This exercise asks for the entries to be repeated exactly, without their images.

*** Opening of DATA FOR ANALYSIS ***

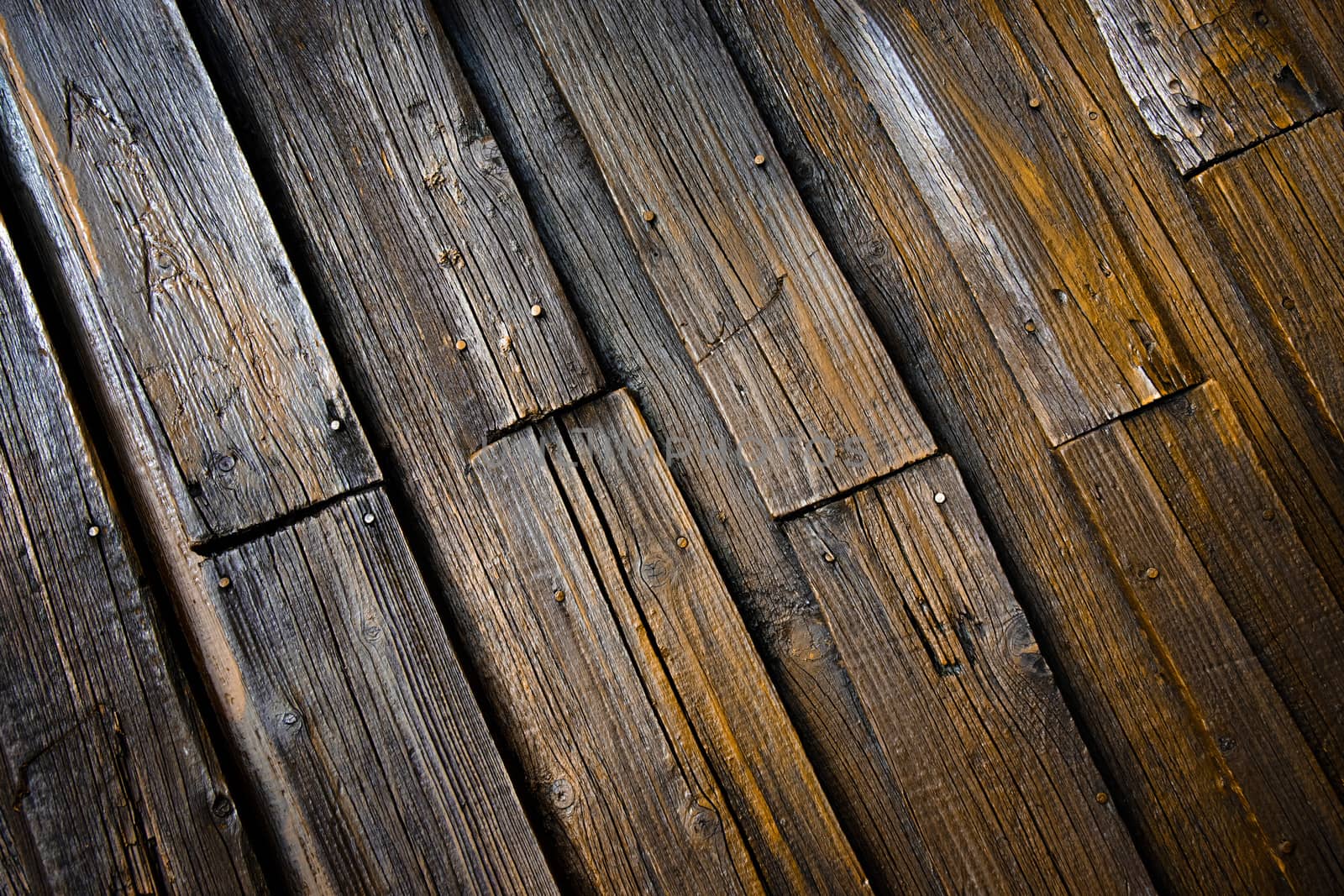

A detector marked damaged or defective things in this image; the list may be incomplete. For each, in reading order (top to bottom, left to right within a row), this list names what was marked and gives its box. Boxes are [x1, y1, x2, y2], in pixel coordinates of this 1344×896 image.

warped board [0, 220, 260, 887]
warped board [0, 0, 378, 537]
warped board [201, 494, 558, 887]
warped board [181, 0, 601, 453]
warped board [477, 393, 867, 893]
warped board [440, 0, 934, 880]
warped board [504, 0, 934, 514]
warped board [783, 457, 1149, 887]
warped board [699, 0, 1344, 887]
warped board [1062, 381, 1344, 887]
warped board [1089, 0, 1331, 175]
warped board [1189, 113, 1344, 440]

*** Close of DATA FOR ANALYSIS ***

**ANSWER BELOW**.
A detector marked damaged or defective things in this image; the list may be incomplete. For each, in reading order (top to bottom, left to right within a row), this list names what was marked and gives its box. Boxes are [x1, y1, x2, y2], in pixel coordinates of this 1344×896 image.

warped board [0, 220, 260, 887]
warped board [0, 0, 378, 537]
warped board [201, 494, 558, 887]
warped board [181, 0, 601, 453]
warped board [477, 393, 867, 893]
warped board [440, 0, 934, 880]
warped board [504, 0, 934, 514]
warped board [783, 457, 1149, 887]
warped board [699, 0, 1344, 887]
warped board [1062, 381, 1344, 887]
warped board [1089, 0, 1331, 175]
warped board [1189, 113, 1344, 440]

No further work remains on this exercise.